2000 was the first year that PJ became loudly and specifically political, in support of Ralph Nader. Ed appeared and performed at Nader three rallies (Seattle, Chicago and New York City) and mentioned the candidate at almost every show on the second leg of the U.S. tour. (Lest anyone think this was only an "Ed thing," public records prove that at least 4/5 of the band individually donated money to the Nader campaign.)
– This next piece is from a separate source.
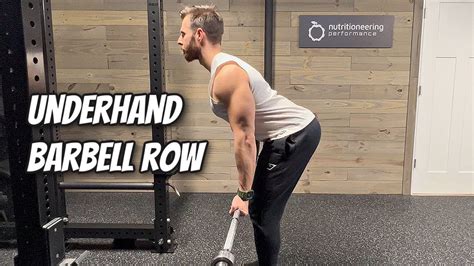 Underhand Barbell Row For Lower Lats Youtube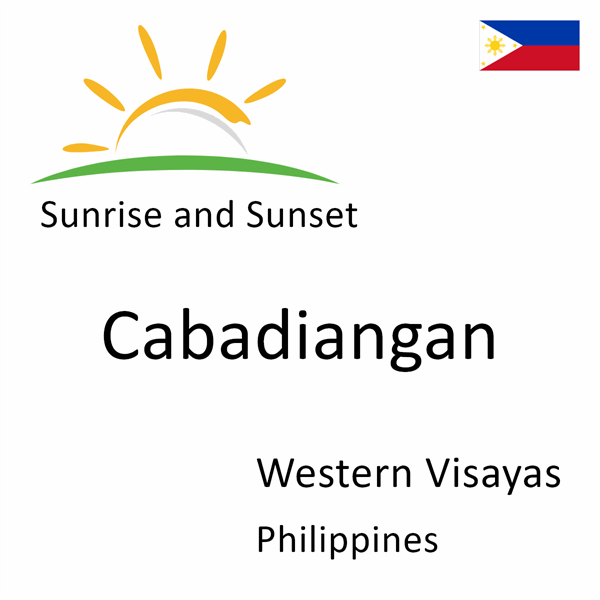 Sunrise and sunset times for Cabadiangan, Western Visayas, Philippines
Many fans had issues with Ed's use of the stage as a bully pulpit, but the fact is, the band felt strongly about an issue and felt it was their place to use their platform to promote it. And in addition to this, they worked to actively encourage their audience just to vote, vote for someone, anyone - just vote - by offering voter registration tables at the shows, and when it was too late for that, using the voter reg tables to provide visibility for voting and the elections. This effort was most visibly represented by the buttons, created by the band, that were handed out towards the end of the tour:
PJ's pursuit of philanthropic causes has been noteworthy because for the most part, PJ have never said "think this way because we do". Instead, they have chosen instead to put the information out there and let their audience make their own decisions. [5h's (now removed) Causes page does not simply mimic every PJ-related cause for that reason, rather choosing to list those causes that we personally identify with and support; in our very strong opinion, the band wants us to think, not be sheep that just follow their every move.] One of the most recent causes promoted by the band (and by Ed specifically) is the case of the West Memphis Three. He discussed this issue in the Lycos chat; he wore t-shirts on stage (great shot and nod during "Do The Evolution" on the DVD!) and discussed it in interviews; and, along with local Seattle band the Supersuckers, he contributed a song to the (great!!) benefit album called A Benefit For Truth and Justice: Free The West Memphis Three.
The song, called "Poor Girl," is a cover of a song by LA punk legends X (who opened for PJ at some shows in 1998). Many of you may have heard the song played over the PA before the PJ shows this summer, or have heard it on the radio. (It's a great great album musically, so if all you have is the mp3, you are missing out!)
In addition to "Poor Girl," Ed and the Supersuckers recorded another X song, "Devil Doll". Both of these tracks were slated for a an X tribute album, which has not been able to be completed due to legal wrangling. However, we managed to get a copy of a rough mix of this track and are making this available to you now.
We LOVE this version of the song. We love the production. We wish they had left the vocals on "Poor Girl" as raw and unadulterated as they are on here. Ed sounds great, like he's having a blast, and the Supersuckers just kick ass. And, it's a loving, faithful, fitting tribute to a band who were truly pioneers, and who still kick plenty of ass themselves.
At this point, we're sure you're asking: what does an X cover Ed did as a side project have to do with anything? Well, we hate to put up random mp3s without some kind of context, but we knew people really wanted to hear this song. So we thought we'd try to tie the two things together. In a year in which PJ aren't active, and in which we all seem to have more time on our hands, we wanted to try to use our platform as responsibly as PJ uses theirs: we would like to encourage you to get educated about political or social causes, no matter what they are, and maybe get involved on some level yourself.